I’ve had a lovely Christmas this year, spending time with family and friends, and finding the time to look back on 2014. So I should be writing a blog post about the year just gone, or looking forward to a fresh new year.
But once again – call it recency bias if you will – I find myself troubled by a phrase that came up more than once towards the end of the year, from friends and colleagues alike.
“My job is to put myself out of work.”
If you work in sustainability, you’ve probably used it yourself, or at least heard it from someone else. That someone might even have been me, because I’ve certainly employed it on occasion. It’s a lighthearted way of communicating one of the most important goals of sustainability: to embed social and environmental concerns so firmly into core business strategy that we no longer need a team of people to keep them on the company’s agenda.
But I’ve never been entirely comfortable with this expression… and it’s only recently that I’ve realised why not.

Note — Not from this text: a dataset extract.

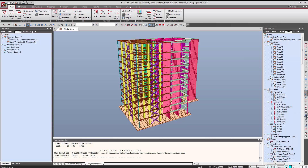Welcome to MidasGen 2015. This tutorial video will focus on working with MidasGen for the purpose of generating a project report. First of all, let us see the requirements of an engineer in a project report.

I began to notice the same kind of discomfort I get whenever someone says – always with the best of intentions – that “parenting is the hardest job in the world”. I can see the point they’re trying to make, and it’s a good one. Parenting is uniquely challenging, requiring commitment, consideration and persistence.
A paid job can also be uniquely challenging, and many of the same qualities will help you succeed. But that doesn’t mean the comparison is a good one. Beyond the general sentiment of “they’re both challenging pursuits and both worth your time”, the demands of parenting (and other forms of caring) are so different from those of paid work that the comparison doesn’t stand up to scrutiny.
(Incidentally, the value judgment implicit in the comparison above annoys the hell out of me. I don’t believe we need to judge parenting on the same terms as paid work in order to make it worthwhile. But that particular rant is out of the scope of this article.)
In the same way, beyond the sentiment of “we’re trying to affect core business”, I don’t think there’s much that stands up to scrutiny in the idea that sustainability teams want to make themselves obsolete. And that’s not because we have some sort of “vested interest” in the end of the world, as that odd little climate change-denier argument would have it, but because we don’t really believe that one day, in a few years’ time our work will be finished for good.
Right now, we’re helping businesses make the transition from focusing on short-term shareholder revenue to long-term societal value. Once we’ve made great strides in this area, you can be sure that another transition will be required. As long as the world keeps on changing – and I don’t see any evidence that it’s planning to stop – there will be a role for an engine of change within every company. The team that delivers this is likely to look and sound very different from today’s sustainability team, but it will still be there.
I think there’s a big risk in using this innocuous-sounding expression in front of people who are our potential allies in driving change. We risk them mishearing the message “we’re here to become part of core business” as “we’re not really supposed to be here… and we’ll be off as soon as we’ve won a few battles.” We risk them concluding that sustainability is a temporary threat to the status quo – and that means we’ll need to win them round again when the next challenge arises.
The essence of my objection is this: by framing the role of the sustainability team in a way that borders on the dismissive, we may well be diminishing the importance of our field to the future of business. In my view, it’s better to be honest about what we’re fighting for: a long-term commitment to reflecting our society’s values that, far from going away, will only become more challenging and nuanced as time goes by.
So I’m starting 2015 with a resolution: to say out loud to as many people as possible that I’m proud to work in sustainability, that we’re here to stay, and that both business and the world will be a better place if we do. And I invite you to do the same.